Thu Jun 20 21:09:22 JST 2002

Hi -

Thanks for your ultra-fast response :-)

Yeah, I forgot to mention an essential item: I use the Latin-9
language environment, originally with an escaped multi-byte encoding.

> Well, what charset or characters do you use?  If you use the
> `escaped' character X, put the following lines in the *scratch*
> buffer.
> 
> (let ((c ?X))
>   (list
>    (+ 0 c)
>    (char-charset c)
>    (char-codepoint c)
>    (char-octet c)))
> 
> Then, type C-j in the end of the last line and let us know the
> result.  Note that the major-mode for the *scratch* buffer
> should be `lisp-interaction-mode'.

Aaargh, I don't seem to get the escaped encoding back... If you can't
figure it out based on what I give you below, I'll have to start over,
using an empty .emacs. No matter what I set
enable-multibyte-characters to, I have 8-bit encoding, according to
describe-language-environment. The "echo ... | mimencode" stuff inside
an emacs shell now works for both settings of
enable-multibyte-characters. However, a problem still exists for SEMI:

Original message showing three differently accented, lower-case a's,
enclosed and separated by four non-accented, upper-case A's:

To: Justus.Piater at inrialpes.fr
--text follows this line--
AàAâAáA

With enable-multibyte-characters=t, mime-edit preview shows empty
boxes for the three accented characters.

Message after mime-edit-exit:

To: Justus.Piater at inrialpes.fr
MIME-Version: 1.0 (generated by SEMI 1.14.3 - "Ushinoya")
Content-Type: text/plain; charset=UTF-8
Content-Transfer-Encoding: quoted-printable
--text follows this line--
A=EF=BF=BDA=EF=BF=BDA=EF=BF=BDA

which is wrong. All three different accented a's are encoded
identically as "=EF=BF=BD".

With enable-multibyte-characters=nil, the result is correctly:

To: Justus.Piater at inrialpes.fr
MIME-Version: 1.0 (generated by SEMI 1.14.3 - "Ushinoya")
Content-Type: text/plain; charset=UTF-8
Content-Transfer-Encoding: quoted-printable
--text follows this line--
A=E0A=E2A=E1A

When decoded, this gives garbage. I tried similar things using
ISO-8859-1 encoding instead of UTF-8, and that gives a different sort
of garbage.

> Hm, the word AbA? seems to have been corrupted in my mailbox.
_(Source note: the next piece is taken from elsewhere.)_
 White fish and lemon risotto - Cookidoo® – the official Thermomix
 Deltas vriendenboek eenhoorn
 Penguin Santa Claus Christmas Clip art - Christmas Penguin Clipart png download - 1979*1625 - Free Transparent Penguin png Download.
Yes. The original sequence consists of three differently accented,
lower-case a's, enclosed and separated by non-accented, upper-case
A's.

> The raw message contains utf-8 and qp encoded "A=E0A=E2A=E2A".
> Isn't it correct?  Or just it was caused by the bug?

No, this sequence is correct.

Let me know how you are doing. If need be, I'll start with a clean
.emacs and try to give you specifics of something reproducible :-/
Clearly, I don't quite yet understand how the coding systems work in
emacs.

Justus

-- 
Justus Piater                             Projet PRIMA, GRAVIR-IMAG
http://www-prima.inrialpes.fr/piater/     INRIA Rhône-Alpes